(Billet 52) – Contre la mauvaise humeur… l’humour

(Billet 52) – Contre la mauvaise humeur… l’humour

Ils sont jeunes, ils sont beaux… ils sont aussi très énervés et ils affichent surtout et avant tout un sens ahurissant de l’humour et de la dérision. Les jeunes Algériens nous ont montré de quoi ils sont capables : pétrifier un système momifié au moyen d’une déconcertante dose d’humour pour exprimer leur mauvaise humeur. Et cela s’étend au Maghreb.
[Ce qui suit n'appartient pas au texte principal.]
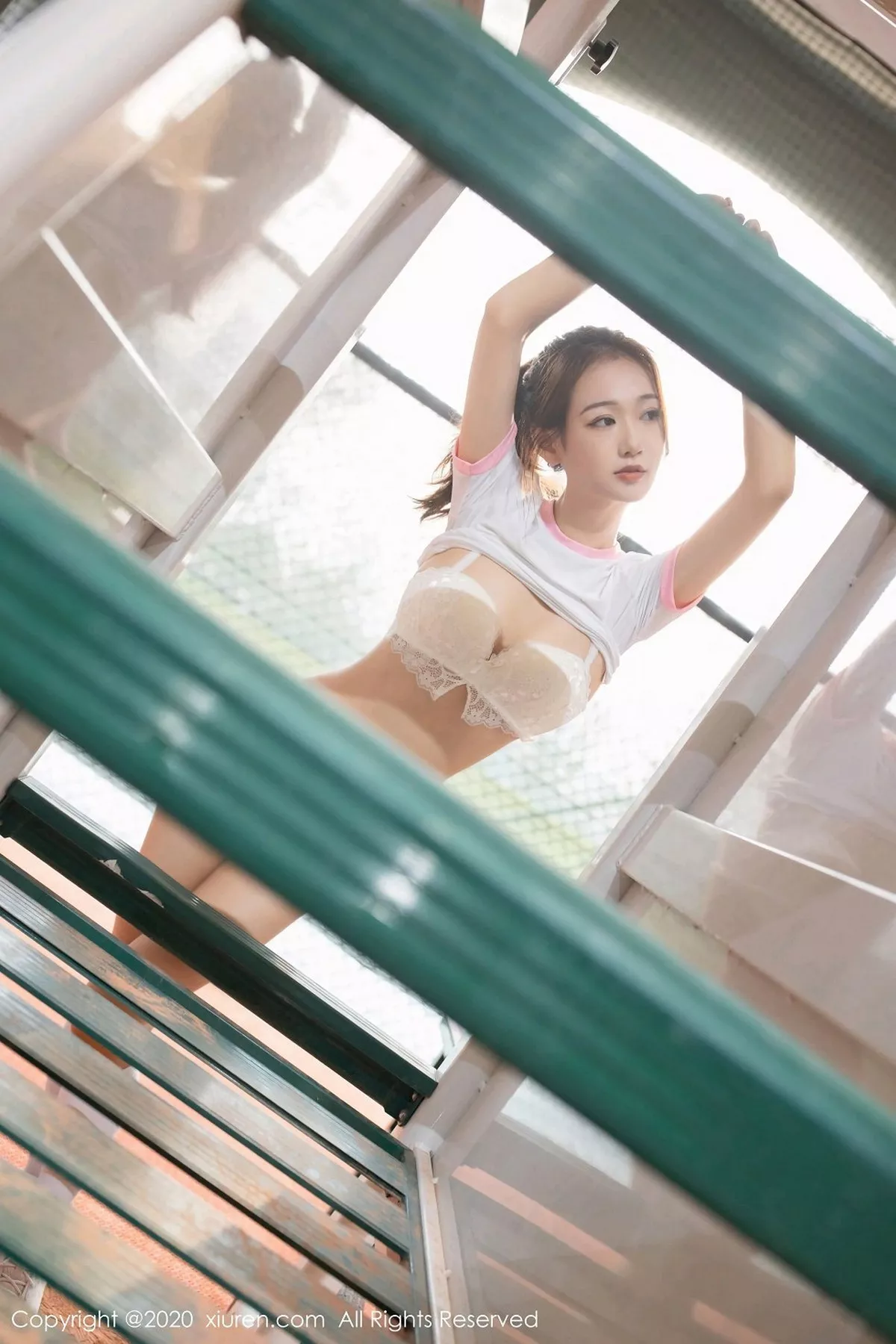 秀人集.com_[XiuRen秀人网]No.2762_嫩模唐安琪网球少女主题粉色运动装秀完美身材甜美迷人写真71P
En Tunisie, les jeunes (puis les moins jeunes, après) ont fait leur révolution en 2011, et ils y sont encore... Au Maroc, on ne bouleverse rien, le système monarchique est séculaire et bien installé au sein de la société et dans les cœurs. Les esprits ronchonnent certes parfois, et même souvent, mais cela ne va pas plus loin. En revanche, la classe politique qui se dégrade de jour en jour en prend pour son grade.
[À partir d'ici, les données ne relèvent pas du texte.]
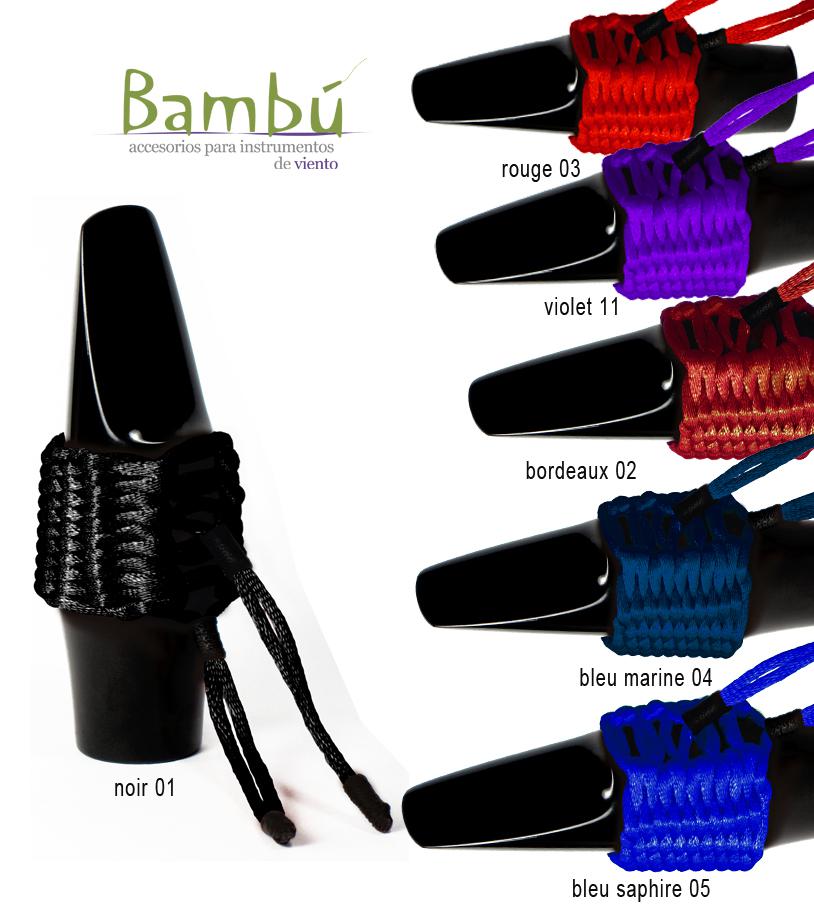 Bambú Ligature Ténor Bambú AT01 Atelier des Vents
Observons nos amis algériens… Qui n’a pas ri à la lecture des slogans brandis ici et là, sur le 5ème mandat de M. Bouteflika, sur le prolongement du 4ème, ou « 4+ », sur le « retour de la momie » ?... En face, les harangues épistolaires du survivant Bouteflika et les mises en garde lapidaires du général Gaïd Salah sont aussi lugubres...

qu’une tombe profanée.

Chez nous, et bien que la caricature ne soit ni tout à fait interdite ni gentiment autorisée, les dessins et montages/photomontages fleurissent sur les réseaux, avec comme point d’orgue le boycott printanier de 2018. C’était là la force principale d’Abdelilah Benkirane qui avait compris que pour séduire, il faut faire rire… Et ça a marché pour lui, d’autant plus qu’en face, rares sont les « responsables » politiques connus pour faire se tordre de rire une salle

La jeunesse maghrébine s’est universalisée. Elle observe les autres, et elle retient les exemples, qui sont souvent des leçons. Notre jeunesse nord-africaine est désormais instruite, connectée, totalement affranchie des peurs d’antan, même si de légitimes craintes subsistent. Cette jeunesse s’est donc très naturellement politisée, face à un personnel politique fossilisé et triste comme un remords.

Quel est le meilleur moyen de faire dérailler quelqu’un qui se prend (à tort) au sérieux ? Le railler… L’humour est désormais l’arme fatale des peuples maghrébins, et il est bien plus classe que la casse. L’humour est licite, peut-être tacite, et n’a surtout pas de limites, sauf l’intelligence de ceux qui en font les frais.